Francuski wymiar sprawiedliwości po latach rozlicza działaczy fundacji Arche de Zoé, którzy w 2007 roku wywołali głośny skandal, usiłując wywieźć ponad setkę dzieci z Czadu. Sprawa od początku budziła wątpliwości – oficjalnym celem fundacji była ewakuacja sierot z Darfuru, graniczącej z Czadem prowincji Sudanu, gdzie toczyła się wyniszczająca wojna domowa. W rzeczywistości prawie wszystkie dzieci, które miały zostać przewiezione do Francji, nie były sierotami i w dodatku pochodziły z Czadu.

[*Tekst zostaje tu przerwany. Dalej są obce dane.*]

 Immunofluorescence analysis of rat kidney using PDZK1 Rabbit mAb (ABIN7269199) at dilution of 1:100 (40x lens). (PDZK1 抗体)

Afera – która wybuchła, gdy władze Czadu zatrzymały samolot, którym miały odlecieć dzieci, i aresztowały Francuzów – miała zasięg międzynarodowy. Tylko mediacji ówczesnego prezydenta Nicolasa Sarkozy,ego należy zawdzięczać, że działacze Arche de Zoé skazani przez sąd w Czadzie na osiem lat robót za próbę porwania, zostali deportowani do Francji, gdzie odbywali karę więzienia. Po roku prezydent Czadu ich ułaskawił i aż do tej pory pozostawali na wolności. Wyrok ma zapaść w tym tygodniu.
Idealista czy oszust
W kończącym się procesie sąd przedstawił szóstce działaczy nowe zarzuty – nielegalnego pośrednictwa w adopcji , usiłowania przemycenia na terytorium Francji nielegalnych imigrantów, a także oszustwa.
Jak sugeruje dziennik „Le Monde", o ukaranie aktywistów zabiegały francuskie rodziny, które czują się przez nie oszukane.
Założyciel organizacji Eric Breteau obiecywał im bowiem, że będą mogły adoptować „sieroty z Darfuru". Całą akcję sfinansował ze środków ściągniętych wcześniej od ludzi, których szukał za pośrednictwem forów adopcyjnych.